The quena is a woodwind instrument consisting of a hollow tube with holes cut for notes. Typically made from clay, bone, or bamboo in the past, it is played by placing the mouthpiece notch under the bottom lip & blowing air through the instrument. Musicians place their fingers over a number of holes across the top, and one hole on the back, in order to create different notes. Today, many quenas are made from wood in addition to animal bone or bamboo shoots.
Quenas come in all different sizes, and flutes of different sizes often produce music in a different key. The smallest of these flutes is called a quenilla and the largest is called a quenacho, and while each flute may have the same hole positions on the front and back and will play similarly, each note can be of a different octave as a result.
Although its origin is unclear, the quena has been found in nearly all countries of Latin America and is likely to predate the rise of the Inca civilization.The sweet melody of the quena flute evokes images of tranquil Andean highlands, and in the hands of a professional quena player, the air can practically vibrate with joy, sadness, and every other note in between.

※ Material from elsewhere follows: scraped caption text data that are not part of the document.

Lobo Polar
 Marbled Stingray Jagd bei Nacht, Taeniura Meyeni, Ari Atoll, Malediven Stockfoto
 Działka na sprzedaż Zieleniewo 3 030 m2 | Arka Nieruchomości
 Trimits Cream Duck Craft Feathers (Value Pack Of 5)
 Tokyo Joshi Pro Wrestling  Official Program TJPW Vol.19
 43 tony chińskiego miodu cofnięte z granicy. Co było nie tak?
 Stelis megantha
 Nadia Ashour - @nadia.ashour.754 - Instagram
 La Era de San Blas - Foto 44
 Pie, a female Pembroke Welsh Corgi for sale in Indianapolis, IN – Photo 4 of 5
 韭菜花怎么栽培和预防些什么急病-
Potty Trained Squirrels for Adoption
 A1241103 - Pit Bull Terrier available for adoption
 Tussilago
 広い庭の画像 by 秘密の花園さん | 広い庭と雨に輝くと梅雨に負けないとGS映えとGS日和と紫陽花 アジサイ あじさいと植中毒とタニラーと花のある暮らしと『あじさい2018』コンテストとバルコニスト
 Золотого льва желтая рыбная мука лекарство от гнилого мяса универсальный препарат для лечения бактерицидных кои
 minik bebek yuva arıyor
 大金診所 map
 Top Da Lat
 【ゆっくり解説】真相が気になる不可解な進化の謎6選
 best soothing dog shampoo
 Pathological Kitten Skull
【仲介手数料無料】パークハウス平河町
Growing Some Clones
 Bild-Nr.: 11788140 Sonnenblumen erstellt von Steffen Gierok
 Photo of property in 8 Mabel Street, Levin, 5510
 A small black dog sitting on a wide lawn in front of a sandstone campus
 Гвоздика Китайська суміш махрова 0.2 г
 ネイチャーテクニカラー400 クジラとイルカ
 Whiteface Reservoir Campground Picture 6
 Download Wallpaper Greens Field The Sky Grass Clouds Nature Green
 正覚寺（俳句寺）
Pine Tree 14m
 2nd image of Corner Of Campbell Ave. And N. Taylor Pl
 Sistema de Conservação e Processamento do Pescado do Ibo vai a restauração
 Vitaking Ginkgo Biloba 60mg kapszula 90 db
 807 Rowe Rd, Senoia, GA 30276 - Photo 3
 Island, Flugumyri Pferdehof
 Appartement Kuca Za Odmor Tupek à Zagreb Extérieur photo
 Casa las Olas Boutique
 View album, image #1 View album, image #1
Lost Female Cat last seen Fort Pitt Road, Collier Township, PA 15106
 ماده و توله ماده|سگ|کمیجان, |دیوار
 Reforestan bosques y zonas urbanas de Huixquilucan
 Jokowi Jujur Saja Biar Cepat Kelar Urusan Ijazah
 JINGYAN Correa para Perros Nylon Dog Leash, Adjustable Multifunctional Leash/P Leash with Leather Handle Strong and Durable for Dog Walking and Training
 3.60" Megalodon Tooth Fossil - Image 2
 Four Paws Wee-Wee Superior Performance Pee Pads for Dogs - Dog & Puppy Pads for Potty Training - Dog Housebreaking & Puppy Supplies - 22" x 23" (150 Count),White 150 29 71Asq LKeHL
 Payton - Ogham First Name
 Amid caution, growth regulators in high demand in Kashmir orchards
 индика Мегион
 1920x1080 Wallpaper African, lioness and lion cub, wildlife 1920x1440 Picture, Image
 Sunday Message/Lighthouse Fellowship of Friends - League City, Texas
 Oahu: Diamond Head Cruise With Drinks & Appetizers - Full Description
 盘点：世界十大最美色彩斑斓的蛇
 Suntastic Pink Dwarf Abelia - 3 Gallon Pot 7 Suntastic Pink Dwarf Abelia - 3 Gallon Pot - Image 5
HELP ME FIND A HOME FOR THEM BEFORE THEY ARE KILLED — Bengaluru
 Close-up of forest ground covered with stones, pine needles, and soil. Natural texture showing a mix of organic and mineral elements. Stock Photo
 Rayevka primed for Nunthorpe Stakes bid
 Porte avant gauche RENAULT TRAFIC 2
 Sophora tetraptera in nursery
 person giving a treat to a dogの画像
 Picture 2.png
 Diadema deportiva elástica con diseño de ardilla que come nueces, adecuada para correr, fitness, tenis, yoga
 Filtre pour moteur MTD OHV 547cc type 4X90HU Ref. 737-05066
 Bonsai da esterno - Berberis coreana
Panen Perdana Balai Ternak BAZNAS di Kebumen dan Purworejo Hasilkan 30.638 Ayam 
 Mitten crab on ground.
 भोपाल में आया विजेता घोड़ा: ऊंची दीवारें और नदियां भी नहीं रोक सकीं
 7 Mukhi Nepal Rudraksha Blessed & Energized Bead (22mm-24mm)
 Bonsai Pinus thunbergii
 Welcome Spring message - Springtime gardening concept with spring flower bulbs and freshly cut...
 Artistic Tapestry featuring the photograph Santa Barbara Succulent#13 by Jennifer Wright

Quena means “many-holed object” in the Quechua language and it is said that those that play quenas have been able to entrance birds to soar above the person playing it. This may be no wonder, given that early versions of the quena were crafted from condor bone. These early quenas are often found engraved with the word “taki”, which, in Quechua, means song.
Quenas are challenging to learn and tough to master. Learning to play this ancient flute can help you attune to the world around you, deepen your understanding of your place in the universe, or simply aid in your meditation and ritual work in ways that other instruments simply can’t.